Much of this material is devoted to long-term financial decisions such as capital budgeting and the choice of capital structure. These decisions are called long-term for two reasons. First, they usually involve long-lived assets or liabilities. Second, they are not easily reversed and thus may

commit the firm to a particular course of action for several years.

Short-term financial decisions generally involve short-lived assets and liabilities, and usually they are easily reversed. Compare, for example, a 60-day bank loan for $50 million with a $50 million issue of 20-year bonds. The bank loan is clearly a short-term decision. The firm can repay it 2 months later and be right back where it started. A firm might conceivably issue a 20-year bond in January and retire it in March, but it would be extremely inconvenient and expensive to do so. In practice, such a bond issue is a long-term decision, not only because of the bond`s 20-year maturity, but because the decision to issue it cannot be reversed on short notice.

A financial manager responsible for short-term financial decisions does not have to look far into the future. The decision to take the 60-day bank loan could properly be based on cash-flow forecasts for the next few months only. The bond issue decision will normally reflect forecast cash requirements 5, 10, or more years into the future. Short-term financial decisions do not involve many of the difficult conceptual issues encountered elsewhere in this book. In a sense, short-term decisions are easier than long-term decisions but they are not less important. A firm can identify extremely valuable capital investment opportunities, find the precise optimal debt ratio, follow the perfect dividend policy, and yet founder because no one bothers to raise the cash to pay this year`s bills. Hence the need for short-term planning.

We will review the major classes of short-term assets and liabilities, show how long-term financing decisions affect the firm`s short-term financial planning problem, and describe how financial managers trace changes in cash and working capital.
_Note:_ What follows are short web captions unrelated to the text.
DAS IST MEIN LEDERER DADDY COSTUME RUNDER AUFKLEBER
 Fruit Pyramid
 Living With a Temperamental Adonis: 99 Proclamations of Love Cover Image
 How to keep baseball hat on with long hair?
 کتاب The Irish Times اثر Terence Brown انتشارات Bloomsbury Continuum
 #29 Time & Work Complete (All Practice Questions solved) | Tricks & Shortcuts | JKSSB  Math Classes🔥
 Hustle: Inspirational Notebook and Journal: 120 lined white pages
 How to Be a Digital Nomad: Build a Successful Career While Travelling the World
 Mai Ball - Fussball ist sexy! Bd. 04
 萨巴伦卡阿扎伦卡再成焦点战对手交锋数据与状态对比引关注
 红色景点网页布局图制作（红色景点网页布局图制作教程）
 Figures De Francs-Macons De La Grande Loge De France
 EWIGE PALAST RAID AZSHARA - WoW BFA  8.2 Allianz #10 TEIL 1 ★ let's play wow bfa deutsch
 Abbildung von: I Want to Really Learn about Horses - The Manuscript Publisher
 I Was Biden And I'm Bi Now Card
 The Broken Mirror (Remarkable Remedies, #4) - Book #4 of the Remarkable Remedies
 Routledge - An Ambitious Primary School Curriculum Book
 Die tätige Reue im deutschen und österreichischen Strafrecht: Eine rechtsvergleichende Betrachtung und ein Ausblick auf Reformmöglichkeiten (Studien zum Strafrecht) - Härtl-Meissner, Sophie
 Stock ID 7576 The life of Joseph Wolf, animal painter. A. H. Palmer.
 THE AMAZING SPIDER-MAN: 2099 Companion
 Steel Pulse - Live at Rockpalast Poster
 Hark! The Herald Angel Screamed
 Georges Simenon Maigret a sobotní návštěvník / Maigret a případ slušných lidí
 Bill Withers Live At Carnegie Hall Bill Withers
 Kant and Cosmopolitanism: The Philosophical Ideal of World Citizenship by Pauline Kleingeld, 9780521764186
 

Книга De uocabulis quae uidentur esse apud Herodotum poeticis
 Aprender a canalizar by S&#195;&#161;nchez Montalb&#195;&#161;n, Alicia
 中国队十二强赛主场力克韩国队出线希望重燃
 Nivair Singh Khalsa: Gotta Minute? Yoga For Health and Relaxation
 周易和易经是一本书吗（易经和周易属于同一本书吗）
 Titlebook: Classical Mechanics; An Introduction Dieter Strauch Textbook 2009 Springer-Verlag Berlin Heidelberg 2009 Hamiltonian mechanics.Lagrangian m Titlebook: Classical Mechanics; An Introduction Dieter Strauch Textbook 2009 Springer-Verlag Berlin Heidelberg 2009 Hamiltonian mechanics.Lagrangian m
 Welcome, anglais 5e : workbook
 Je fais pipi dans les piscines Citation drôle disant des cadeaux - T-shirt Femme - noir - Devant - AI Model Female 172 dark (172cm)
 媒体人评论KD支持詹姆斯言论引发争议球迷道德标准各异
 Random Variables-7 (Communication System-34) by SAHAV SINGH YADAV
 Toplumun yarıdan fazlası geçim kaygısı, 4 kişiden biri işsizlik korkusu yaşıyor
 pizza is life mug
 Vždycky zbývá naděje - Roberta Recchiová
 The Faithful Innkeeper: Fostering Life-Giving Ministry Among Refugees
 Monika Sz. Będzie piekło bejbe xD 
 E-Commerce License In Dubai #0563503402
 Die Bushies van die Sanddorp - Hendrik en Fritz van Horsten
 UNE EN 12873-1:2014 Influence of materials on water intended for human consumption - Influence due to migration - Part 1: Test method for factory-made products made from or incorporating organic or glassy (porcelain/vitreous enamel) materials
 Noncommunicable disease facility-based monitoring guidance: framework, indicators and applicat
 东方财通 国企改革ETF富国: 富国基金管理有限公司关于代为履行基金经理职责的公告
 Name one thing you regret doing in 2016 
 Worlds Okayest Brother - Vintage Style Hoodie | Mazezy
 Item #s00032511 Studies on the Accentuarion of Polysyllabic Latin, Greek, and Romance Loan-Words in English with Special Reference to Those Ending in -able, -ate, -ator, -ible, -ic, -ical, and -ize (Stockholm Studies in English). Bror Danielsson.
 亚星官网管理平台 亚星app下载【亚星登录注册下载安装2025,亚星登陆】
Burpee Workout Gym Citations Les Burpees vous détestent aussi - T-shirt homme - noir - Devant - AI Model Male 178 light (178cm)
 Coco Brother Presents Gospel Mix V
We will also describe how managers forecast month-by-month cash requirements or surpluses and how they develop short-term investment and financing strategies.

After studying this material you should be able to

_ Understand why the firm needs to invest in net working capital.

_ Show how long-term financing policy affects short-term financing requirements.

_ Trace a firm`s sources and uses of cash and evaluate its need for short-term borrowing.

_ Develop a short-term financing plan that meets the firm`s need for cash.